« Pouvez-vous acheter ce tableau ?» Le milliardaire mafieux s’est figé, car il pensait que la femme du tableau était morte.

Dante ne dormit pas cette nuit-là.

Les lumières de la ville scintillaient au-dessus de la rivière Charles comme des éclats de verre brisés, tremblant contre les vitres sombres tandis qu’un verre de whisky intact reposait depuis des heures près du tableau d’Elena.

Toutes les quelques minutes, il relevait les yeux vers son visage peint, cherchant un détail qu’il aurait manqué sept ans plus tôt, un avertissement caché sous les couches de couleur.

Mais la femme du portrait semblait toujours chaleureuse, vivante, douloureusement ordinaire.

Pas comme un fantôme.

Pas comme quelqu’un qui l’aurait abandonné de son plein gré.

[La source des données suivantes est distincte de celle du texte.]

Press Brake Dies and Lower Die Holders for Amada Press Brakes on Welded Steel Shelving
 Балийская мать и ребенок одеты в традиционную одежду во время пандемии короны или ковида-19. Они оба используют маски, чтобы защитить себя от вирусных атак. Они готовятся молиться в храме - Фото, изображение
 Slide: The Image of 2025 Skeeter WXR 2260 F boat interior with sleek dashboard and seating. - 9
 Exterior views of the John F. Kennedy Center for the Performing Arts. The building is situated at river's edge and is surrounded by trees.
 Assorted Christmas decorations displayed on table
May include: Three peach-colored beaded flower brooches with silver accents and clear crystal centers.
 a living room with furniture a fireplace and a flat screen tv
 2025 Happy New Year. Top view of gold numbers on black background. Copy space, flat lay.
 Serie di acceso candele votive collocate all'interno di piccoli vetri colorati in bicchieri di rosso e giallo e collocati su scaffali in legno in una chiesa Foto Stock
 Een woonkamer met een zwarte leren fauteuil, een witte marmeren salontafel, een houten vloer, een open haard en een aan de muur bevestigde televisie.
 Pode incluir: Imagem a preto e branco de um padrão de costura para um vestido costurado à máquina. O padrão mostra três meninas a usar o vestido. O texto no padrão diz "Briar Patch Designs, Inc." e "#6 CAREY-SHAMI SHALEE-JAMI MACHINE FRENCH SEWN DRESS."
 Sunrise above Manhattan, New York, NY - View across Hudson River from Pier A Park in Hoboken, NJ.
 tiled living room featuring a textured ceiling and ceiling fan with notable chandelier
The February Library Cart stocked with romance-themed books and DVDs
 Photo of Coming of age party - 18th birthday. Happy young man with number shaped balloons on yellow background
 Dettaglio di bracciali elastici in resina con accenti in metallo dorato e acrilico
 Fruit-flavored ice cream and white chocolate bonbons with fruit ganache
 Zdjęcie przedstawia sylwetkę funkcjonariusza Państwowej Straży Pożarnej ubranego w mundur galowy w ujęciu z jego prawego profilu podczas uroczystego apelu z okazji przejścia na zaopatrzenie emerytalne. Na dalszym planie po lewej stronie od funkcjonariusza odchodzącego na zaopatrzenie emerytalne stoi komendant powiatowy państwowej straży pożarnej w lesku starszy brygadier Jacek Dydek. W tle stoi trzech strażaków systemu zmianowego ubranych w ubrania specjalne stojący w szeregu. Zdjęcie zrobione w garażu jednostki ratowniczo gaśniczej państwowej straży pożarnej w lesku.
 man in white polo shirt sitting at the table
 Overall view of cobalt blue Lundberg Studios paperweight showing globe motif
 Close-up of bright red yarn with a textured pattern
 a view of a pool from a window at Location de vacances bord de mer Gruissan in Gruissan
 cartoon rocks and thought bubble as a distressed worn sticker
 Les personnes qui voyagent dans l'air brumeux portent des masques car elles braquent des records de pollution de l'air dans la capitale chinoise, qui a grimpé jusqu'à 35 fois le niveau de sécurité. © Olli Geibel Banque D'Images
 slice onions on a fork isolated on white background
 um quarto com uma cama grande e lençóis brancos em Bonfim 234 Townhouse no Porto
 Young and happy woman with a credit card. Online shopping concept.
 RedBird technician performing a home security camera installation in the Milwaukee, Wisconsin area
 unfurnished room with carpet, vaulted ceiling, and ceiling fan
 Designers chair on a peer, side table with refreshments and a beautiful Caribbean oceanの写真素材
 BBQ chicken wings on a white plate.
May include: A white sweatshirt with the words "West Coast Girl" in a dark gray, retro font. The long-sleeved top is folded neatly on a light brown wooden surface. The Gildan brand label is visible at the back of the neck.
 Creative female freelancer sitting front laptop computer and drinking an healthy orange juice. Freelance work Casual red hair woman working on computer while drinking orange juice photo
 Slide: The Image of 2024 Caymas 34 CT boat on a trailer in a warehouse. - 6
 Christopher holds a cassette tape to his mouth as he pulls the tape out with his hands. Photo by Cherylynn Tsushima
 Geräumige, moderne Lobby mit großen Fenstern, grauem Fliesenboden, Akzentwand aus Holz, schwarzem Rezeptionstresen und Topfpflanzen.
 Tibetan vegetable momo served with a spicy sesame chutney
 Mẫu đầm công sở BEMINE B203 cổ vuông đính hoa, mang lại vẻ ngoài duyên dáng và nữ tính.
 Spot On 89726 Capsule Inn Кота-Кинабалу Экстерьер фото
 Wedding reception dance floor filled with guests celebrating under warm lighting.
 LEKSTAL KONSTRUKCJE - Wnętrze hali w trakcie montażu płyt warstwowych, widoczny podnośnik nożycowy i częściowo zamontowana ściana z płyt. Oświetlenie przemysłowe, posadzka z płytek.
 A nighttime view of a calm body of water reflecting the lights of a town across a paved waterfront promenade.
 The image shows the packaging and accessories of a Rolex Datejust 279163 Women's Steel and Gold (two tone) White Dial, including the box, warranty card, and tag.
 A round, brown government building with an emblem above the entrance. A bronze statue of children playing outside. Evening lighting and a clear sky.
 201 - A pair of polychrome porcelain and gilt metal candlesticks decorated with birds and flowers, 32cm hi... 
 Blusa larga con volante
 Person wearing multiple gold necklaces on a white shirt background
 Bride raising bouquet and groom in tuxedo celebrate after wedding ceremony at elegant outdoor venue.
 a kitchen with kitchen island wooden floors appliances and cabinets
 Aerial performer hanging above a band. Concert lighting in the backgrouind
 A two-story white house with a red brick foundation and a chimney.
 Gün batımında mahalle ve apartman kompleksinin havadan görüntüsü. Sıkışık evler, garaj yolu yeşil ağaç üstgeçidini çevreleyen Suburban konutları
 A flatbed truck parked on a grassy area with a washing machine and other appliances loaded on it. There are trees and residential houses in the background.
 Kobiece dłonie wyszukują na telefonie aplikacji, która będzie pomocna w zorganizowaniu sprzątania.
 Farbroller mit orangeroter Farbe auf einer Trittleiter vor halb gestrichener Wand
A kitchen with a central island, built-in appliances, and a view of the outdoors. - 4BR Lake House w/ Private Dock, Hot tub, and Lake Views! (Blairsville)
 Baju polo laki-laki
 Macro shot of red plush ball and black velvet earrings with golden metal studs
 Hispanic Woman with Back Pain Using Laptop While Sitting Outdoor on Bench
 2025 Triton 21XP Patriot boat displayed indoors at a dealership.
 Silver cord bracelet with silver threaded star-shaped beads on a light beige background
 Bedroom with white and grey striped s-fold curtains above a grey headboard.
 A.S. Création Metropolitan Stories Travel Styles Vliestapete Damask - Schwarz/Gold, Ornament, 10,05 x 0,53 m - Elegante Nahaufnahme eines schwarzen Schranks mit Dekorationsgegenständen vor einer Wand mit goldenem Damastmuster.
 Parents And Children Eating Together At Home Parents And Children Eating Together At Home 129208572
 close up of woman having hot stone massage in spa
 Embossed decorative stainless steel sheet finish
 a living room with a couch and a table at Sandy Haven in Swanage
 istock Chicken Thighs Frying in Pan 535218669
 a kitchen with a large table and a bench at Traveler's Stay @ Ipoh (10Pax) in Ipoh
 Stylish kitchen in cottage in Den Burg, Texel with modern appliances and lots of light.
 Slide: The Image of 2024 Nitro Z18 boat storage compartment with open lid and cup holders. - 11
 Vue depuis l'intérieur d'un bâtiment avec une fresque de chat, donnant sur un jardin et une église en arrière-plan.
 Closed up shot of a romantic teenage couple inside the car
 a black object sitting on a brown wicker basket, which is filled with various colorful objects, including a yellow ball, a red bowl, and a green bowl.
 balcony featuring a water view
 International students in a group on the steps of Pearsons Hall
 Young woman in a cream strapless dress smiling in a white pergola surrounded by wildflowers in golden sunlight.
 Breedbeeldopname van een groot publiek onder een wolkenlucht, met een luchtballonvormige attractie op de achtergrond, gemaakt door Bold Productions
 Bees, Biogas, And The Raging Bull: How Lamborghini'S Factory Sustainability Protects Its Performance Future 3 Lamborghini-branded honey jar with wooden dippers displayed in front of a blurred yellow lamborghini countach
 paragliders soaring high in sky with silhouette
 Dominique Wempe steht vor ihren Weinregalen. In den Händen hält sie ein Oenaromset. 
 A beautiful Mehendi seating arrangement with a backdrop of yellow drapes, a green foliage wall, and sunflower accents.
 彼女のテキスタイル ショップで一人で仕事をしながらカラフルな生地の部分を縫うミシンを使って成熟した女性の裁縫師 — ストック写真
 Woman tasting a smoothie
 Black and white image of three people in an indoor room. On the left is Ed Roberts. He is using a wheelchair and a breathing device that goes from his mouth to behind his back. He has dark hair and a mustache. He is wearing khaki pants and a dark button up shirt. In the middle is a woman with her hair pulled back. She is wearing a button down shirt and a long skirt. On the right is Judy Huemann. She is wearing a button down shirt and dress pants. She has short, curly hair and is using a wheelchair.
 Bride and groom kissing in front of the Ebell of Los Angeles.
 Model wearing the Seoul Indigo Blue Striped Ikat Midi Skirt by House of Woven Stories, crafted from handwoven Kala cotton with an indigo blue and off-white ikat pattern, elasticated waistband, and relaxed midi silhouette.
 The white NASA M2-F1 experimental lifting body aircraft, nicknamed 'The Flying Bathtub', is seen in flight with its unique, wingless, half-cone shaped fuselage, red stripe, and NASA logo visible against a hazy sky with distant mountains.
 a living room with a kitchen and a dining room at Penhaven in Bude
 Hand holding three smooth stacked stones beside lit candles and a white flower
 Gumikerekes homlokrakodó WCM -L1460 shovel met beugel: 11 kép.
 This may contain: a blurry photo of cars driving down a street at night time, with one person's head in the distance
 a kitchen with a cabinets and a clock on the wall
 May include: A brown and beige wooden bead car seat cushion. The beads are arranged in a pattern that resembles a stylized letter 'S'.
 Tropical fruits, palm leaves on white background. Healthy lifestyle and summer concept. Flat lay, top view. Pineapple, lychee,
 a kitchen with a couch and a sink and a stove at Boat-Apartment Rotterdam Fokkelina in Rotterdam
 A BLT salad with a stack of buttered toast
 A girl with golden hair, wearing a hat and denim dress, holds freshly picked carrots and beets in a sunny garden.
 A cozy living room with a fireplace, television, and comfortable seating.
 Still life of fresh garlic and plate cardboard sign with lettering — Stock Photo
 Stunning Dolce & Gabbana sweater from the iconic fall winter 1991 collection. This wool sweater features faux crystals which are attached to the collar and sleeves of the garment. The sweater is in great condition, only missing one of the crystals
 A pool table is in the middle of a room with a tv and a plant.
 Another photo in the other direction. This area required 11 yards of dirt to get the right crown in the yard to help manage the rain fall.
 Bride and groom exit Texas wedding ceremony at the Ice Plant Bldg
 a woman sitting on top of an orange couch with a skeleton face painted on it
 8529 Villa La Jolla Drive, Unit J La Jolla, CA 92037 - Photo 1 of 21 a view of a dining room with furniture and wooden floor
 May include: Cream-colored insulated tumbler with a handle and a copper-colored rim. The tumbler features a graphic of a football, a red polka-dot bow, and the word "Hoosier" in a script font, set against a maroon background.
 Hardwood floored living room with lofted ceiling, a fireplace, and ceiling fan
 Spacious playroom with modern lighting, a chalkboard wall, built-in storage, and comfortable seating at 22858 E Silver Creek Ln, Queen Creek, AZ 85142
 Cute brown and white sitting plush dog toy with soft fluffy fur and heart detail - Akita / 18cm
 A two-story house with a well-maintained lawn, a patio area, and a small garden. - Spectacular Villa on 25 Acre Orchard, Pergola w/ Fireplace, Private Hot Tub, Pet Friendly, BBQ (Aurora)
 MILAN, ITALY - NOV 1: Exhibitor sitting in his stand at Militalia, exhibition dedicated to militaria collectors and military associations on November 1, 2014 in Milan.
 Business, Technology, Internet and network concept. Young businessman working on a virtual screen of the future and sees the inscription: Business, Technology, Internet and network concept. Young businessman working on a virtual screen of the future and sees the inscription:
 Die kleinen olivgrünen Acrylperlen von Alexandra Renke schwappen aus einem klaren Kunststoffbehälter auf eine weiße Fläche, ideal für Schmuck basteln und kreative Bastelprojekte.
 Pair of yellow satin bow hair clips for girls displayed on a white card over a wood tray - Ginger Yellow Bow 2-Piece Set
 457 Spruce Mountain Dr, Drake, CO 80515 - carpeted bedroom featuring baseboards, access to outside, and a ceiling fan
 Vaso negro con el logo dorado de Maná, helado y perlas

Vers trois heures du matin, Dante desserra enfin sa cravate et remarqua quelque chose d’étrange sous le cadre peint de la fenêtre qu’Elena avait représentée autrefois.

Une minuscule marque.

Presque invisible.

Il s’approcha.

Trois petites empreintes de doigts apparaissaient faiblement dans un coin de la peinture sèche, irrégulières et imparfaites, comme si des enfants avaient touché la toile avant qu’elle ne soit terminée.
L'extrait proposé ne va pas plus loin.